_What is expected_
I'd like the entries reproduced exactly, with all pictures omitted.
─── Data for processing
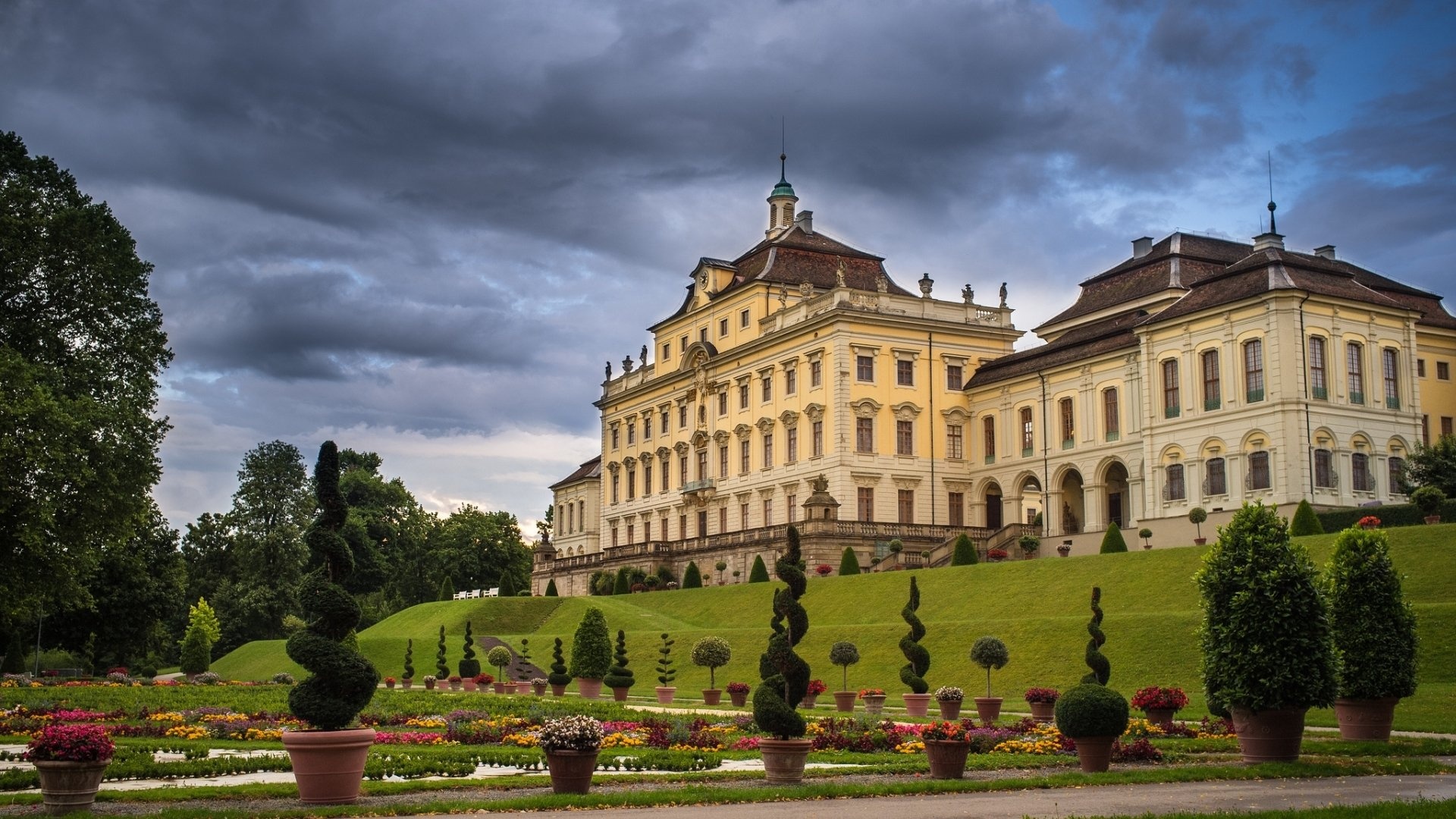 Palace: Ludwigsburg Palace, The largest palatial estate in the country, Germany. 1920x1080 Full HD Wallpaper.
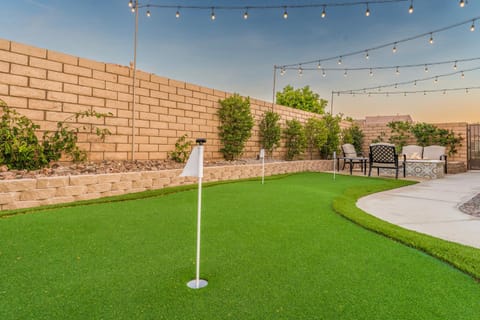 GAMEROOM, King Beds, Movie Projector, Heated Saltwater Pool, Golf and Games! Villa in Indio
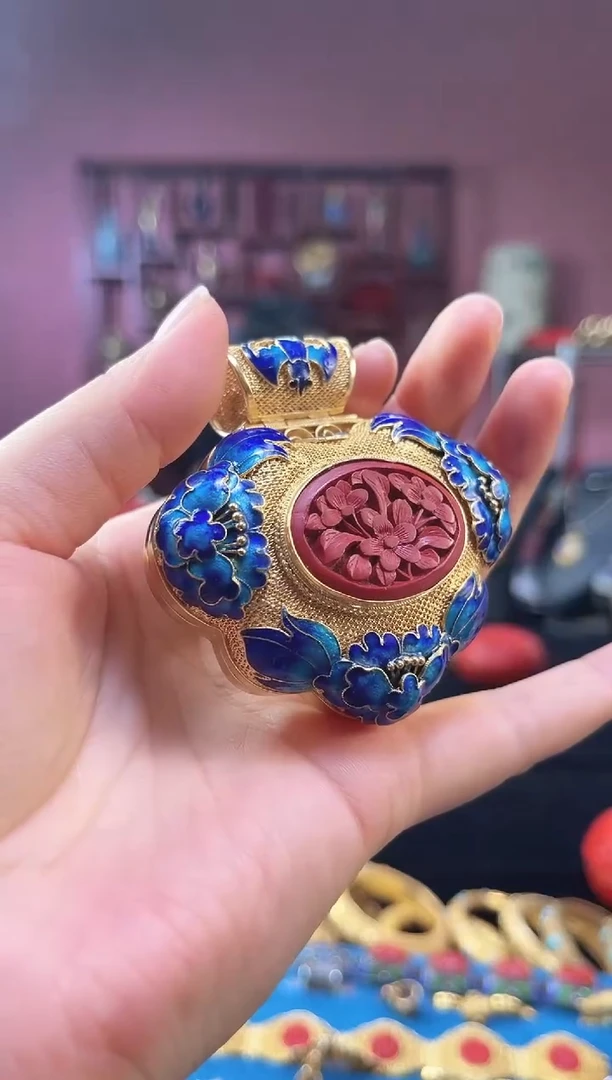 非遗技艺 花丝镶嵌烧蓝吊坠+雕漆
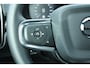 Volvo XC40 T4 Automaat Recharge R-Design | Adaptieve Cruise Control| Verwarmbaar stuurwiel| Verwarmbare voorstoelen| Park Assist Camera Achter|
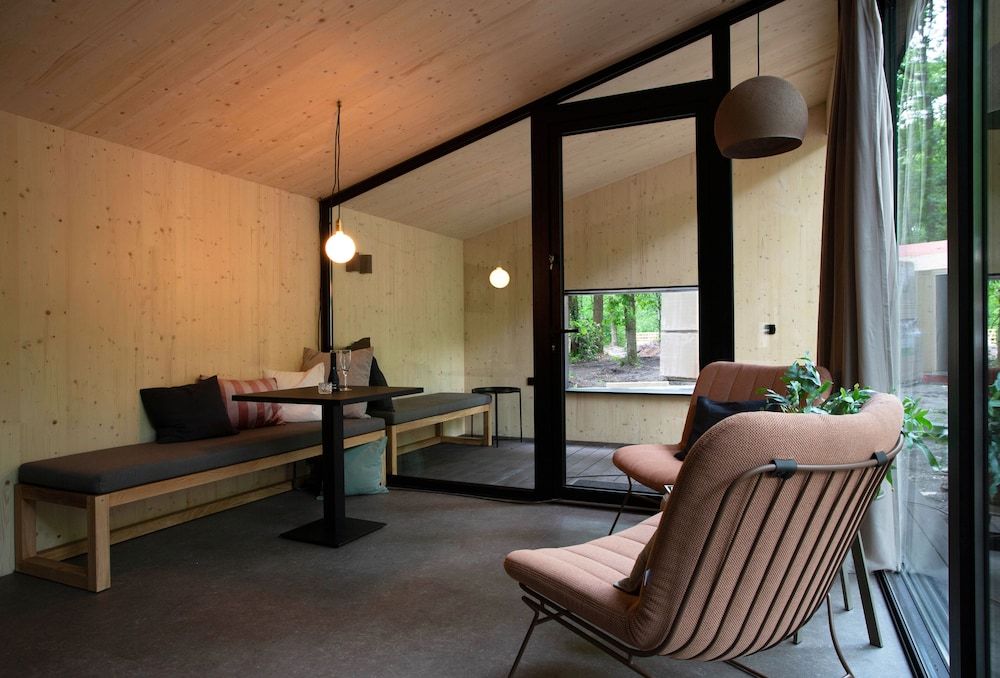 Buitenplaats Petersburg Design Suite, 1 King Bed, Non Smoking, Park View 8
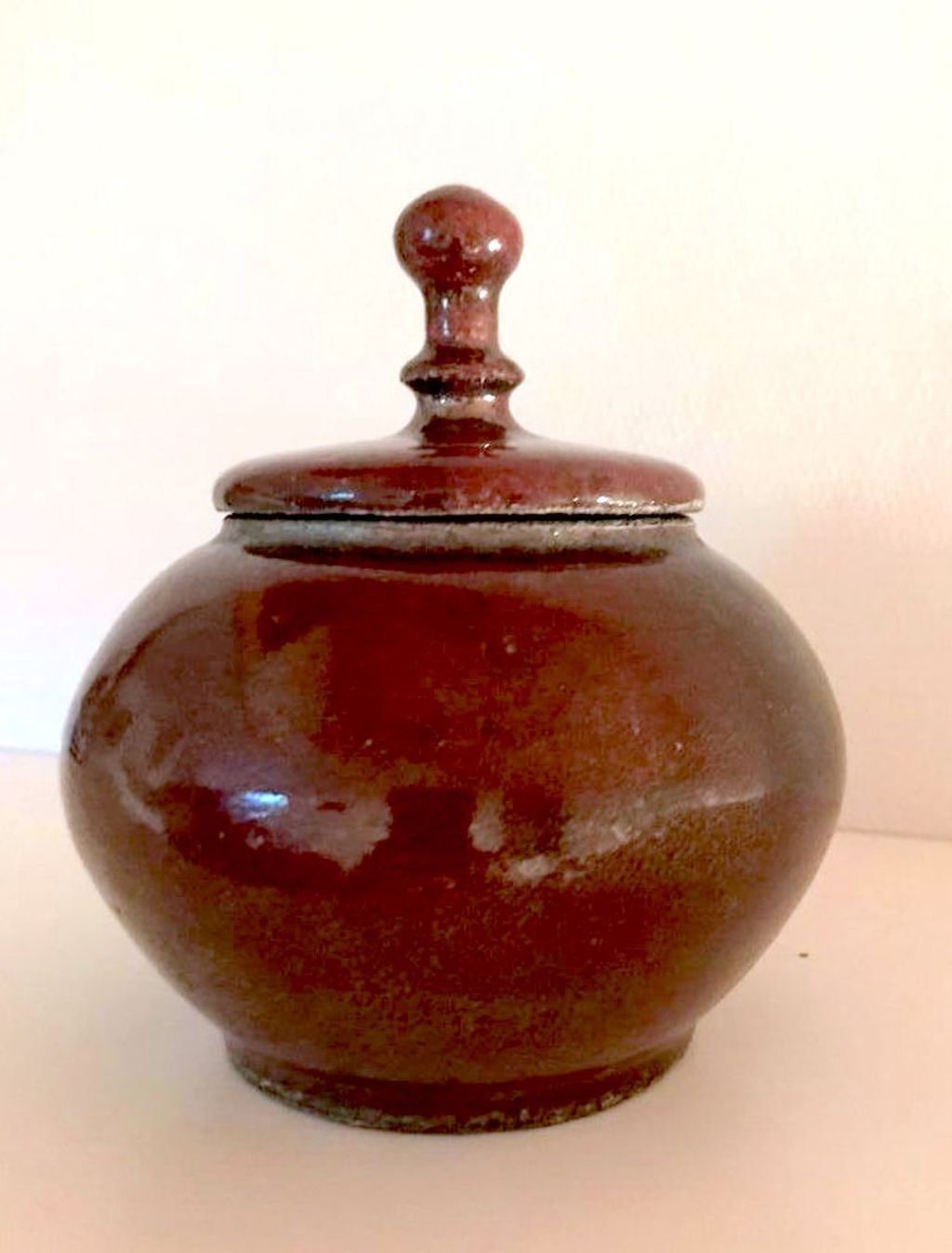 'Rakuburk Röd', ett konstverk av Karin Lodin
──────
_Result of the exercise_
 Palace: Ludwigsburg Palace, The largest palatial estate in the country, Germany. 1920x1080 Full HD Wallpaper.
 GAMEROOM, King Beds, Movie Projector, Heated Saltwater Pool, Golf and Games! Villa in Indio
 非遗技艺 花丝镶嵌烧蓝吊坠+雕漆
 Volvo XC40 T4 Automaat Recharge R-Design | Adaptieve Cruise Control| Verwarmbaar stuurwiel| Verwarmbare voorstoelen| Park Assist Camera Achter|
 Buitenplaats Petersburg Design Suite, 1 King Bed, Non Smoking, Park View 8
 'Rakuburk Röd', ett konstverk av Karin Lodin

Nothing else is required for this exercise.